Guiding Tianwen-1 to China's first successful Mars rover landing
Mars landing missions only succeed about half the time, a rate largely determined by the entry, descent and landing (EDL) phase, according to the researchers who designed Tianwen-1's control systems. They published their guidance, navigation and control approach for Tianwen-1 on October 16 in Space: Science & Technology.
"The EDL phase, which begins at the Mars atmosphere interface and ends with a surface touchdown, is crucial for a Mars landing mission," said Xiaolei Wang, researcher professor at Beijing Institute of Control Engineering.
Wang explained that most failures occur during this phase, typically because the communication delay between Mars and Earth is too large to accommodate the time urgency of the EDL phase.
"The spacecraft must perform autonomous guidance, navigation and control (GNC) to provide reliable key event triggers, as well as accurate and reliable state estimates to implement accurate and reliable trajectory and attitude controls," Wang said. "Any mistake may lead to a mission failure."
Multiple uncertainties, from the Mars environment to the complexity of the EDL process to the limited on-board computation abilities, further complicate the design of a suitable GNC system, according to first author Xianyu Huang, researcher professor at the Science and Technology on Space Intelligent Control Laboratory, Beijing Institute of Control Engineering.

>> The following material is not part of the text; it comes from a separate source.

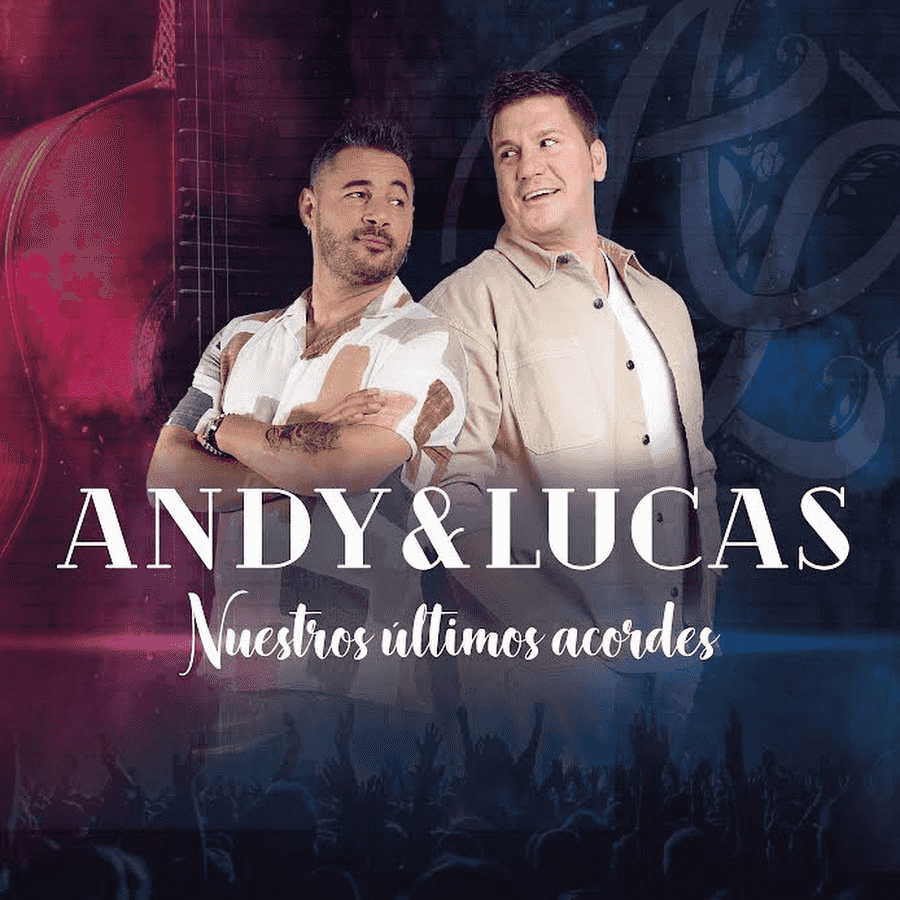 Andy y Lucas Madrid en Madrid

"To meet these challenges, the GNC hardware should have a certain degree of redundancy, and the GNC algorithms should be suitable for on-board implementation, robust to sensors and actuator partial failures and adaptive to uncertainties," Huang said.
Tianwen-1 comprises an orbiter and a descent module, which includes a heatshield, a backshell and a lander with a landing platform and a rover. When moving from orbit to landing, the probe splits, with the descent module entering the Mars atmosphere, beginning the EDL process. Control during this phase requires that: all key events trigger correctly; no equipment collides as pieces separate; the lander selects a specific landing site within the pre-selected landing area; the lander's velocities, angular rate and other properties fall within required ranges; and that the process does not consume an unreasonable amount of fuel.

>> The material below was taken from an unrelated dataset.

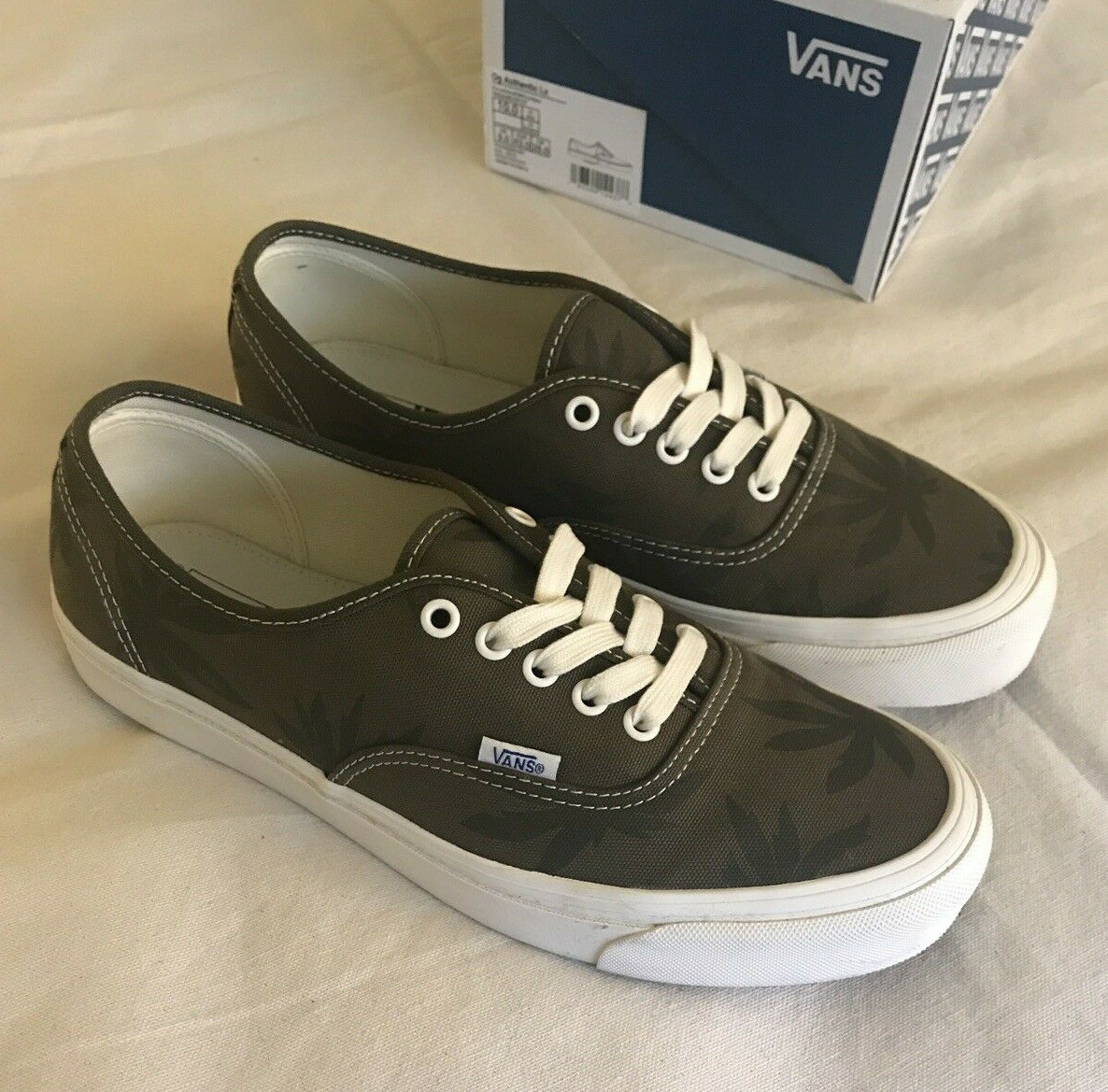 vans authentic og lx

To fulfill the EDL requirements, the team built on previous GNC designs used for the third and fifth editions of Chang'E, China's lunar exploration spacecraft, as well as on control systems used in other successful Mars landing missions. Wang and Huang noted that the team also innovated new approaches, including an algorithm that more accurately interprets and predicts dynamic motion to balance the extreme swings of the initial parachute deployment to the steadier landing.
"The effectiveness of the GNC system design was demonstrated by the successful landing of Tianwen-1, which landed on Mars with a small landing eclipse, a soft touch-down velocity and a stable vertical attitude," Huang said.
The researchers noted that Tianwen-1 landed in a relatively flat area, but that future missions will target areas with more rugged terrain and potentially higher scientific value.
"This will put forward new requirements for the technology," Wang said. "The guidance, navigation and control system must have high-precision navigation and stronger maneuverability or deceleration capabilities."